The statements are appeals to justice, and places the speaker in a context of correct action and deserved consequences. He has already here accepted that theft or greed will result in punishment; since he is innocent, or becomes innocent in speaking the formula, it is also just that he will not be punished, and thus will win his reward in the afterlife (or, in this case, pass one of the trials of the gates of the underworld).

This type of magical protest is famously taken up in Tibullus, I.3.51ff, when he states:

parce pater! timidum non me periuria terrent,
non dicta in sanctos inpia verba deos!
Spare me, father, threats of perjury don't frighten me,
For I've not spoken impious words against the gods!

The poet declares his innocence by denying a particular wrong action. It has been suggested that Tibullus assimilated many elements of Egyptian and Near Eastern ritual and magic into his poetry by contact with cults of Isis, then popular in Rome.
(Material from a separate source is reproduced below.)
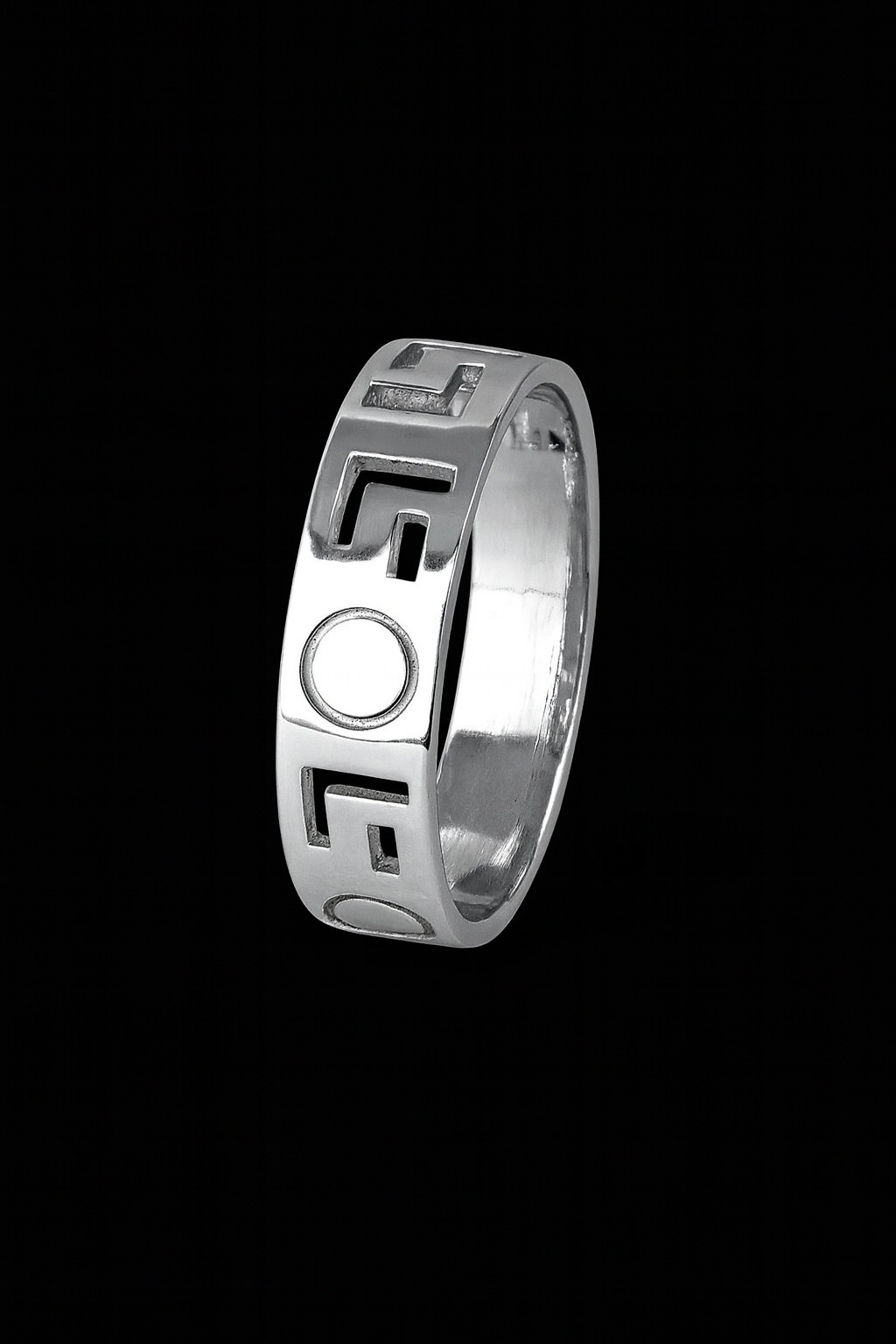 Silver ring with geometric design on a black background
But Egyptian influences on Tibullus, and on Latin Literature in general, are, of course, subjects for another node.

The Book of the Dead has the deceased recite this to the god Osiris:

Behold, I have come to thee, and I have brought maat (i.e., truth, integrity) to thee.
I have destroyed sin for thee.
I have not sinned against men.
I have not oppressed my kinsfolk.
I have done no wrong in the place of truth.
I have not known worthless folk.
I have not wrought evil.
I have not defrauded the oppressed one of his goods.
I have not done the things that the gods abominate.
I have not vilified a servant to his master.
I have not caused pain.
I have not let any man hunger.
I have made no one to weep.
I have not committed murder.
I have not commanded any to commit murder for me.
I have inflicted pain on no man.
I have not defrauded the temples of their oblations.
I have not purloined the cakes of the gods.
I have not stolen the offerings to the spirits (i.e., the dead).
I have not committed fornication.
I have not polluted myself in the holy places of the god of my city.
I have not diminished from the bushel.
I did not take from or add to the acre-measure.
I did not encroach on the fields of others.
I have not added to the weights of the scales.
I have not misread the pointer of the scales.
I have not taken milk from the mouths of children.
I have not driven cattle from their pastures.
I have not snared the birds of the gods.
I have not caught fish with fish of their kind.
I have not stopped water when it should flow.
I have not cut the dam of a canal.
I have not extinguished a fire when it should burn.
I have not altered the times of the chosen meat offerings.
I have not turned away the cattle intended for offerings.
I have not repulsed the god at his appearances.
I am pure.
I am pure.
I am pure.
I am pure....
Source: Project Gutenberg http://www.gutenberg.org/dirs/etext04/8bkdd10.txt


For most of them, no problem, but I know I would have trouble with a few of these should I find myself in a situation calling for my own personal confession (perhaps an exchange program between adherents of the Egyptian and Christian creeds). "I have not caused pain." "I have made no one to weep." You mean like in my entire life? Even when I used to teach physics?

I imagine Osiris seated on a high seat, not saying anything. Over the long millennia he has heard every attempt to weasel out of this list of basic acts of decency and restraint. I don't imagine that citing the rigors of science would change his demeanor at all, not even if I could recall the special circumstances and extenuating factors involved (he was an engineering student who had no business in engineering, she was a pre-med with an air of entitlement, etc.), an effort which probably would result in more fiction than fact. Perhaps the look of misery on my face would communicate to the god the difficulty we living mortal beings have in avoiding any sort of questionable action or inaction somewhere along the way. And if the fishing one and the worthless folk one are deal breakers, then what hope can I have?

That the merciful judge in the halls of the dead grades on a curve, that's what.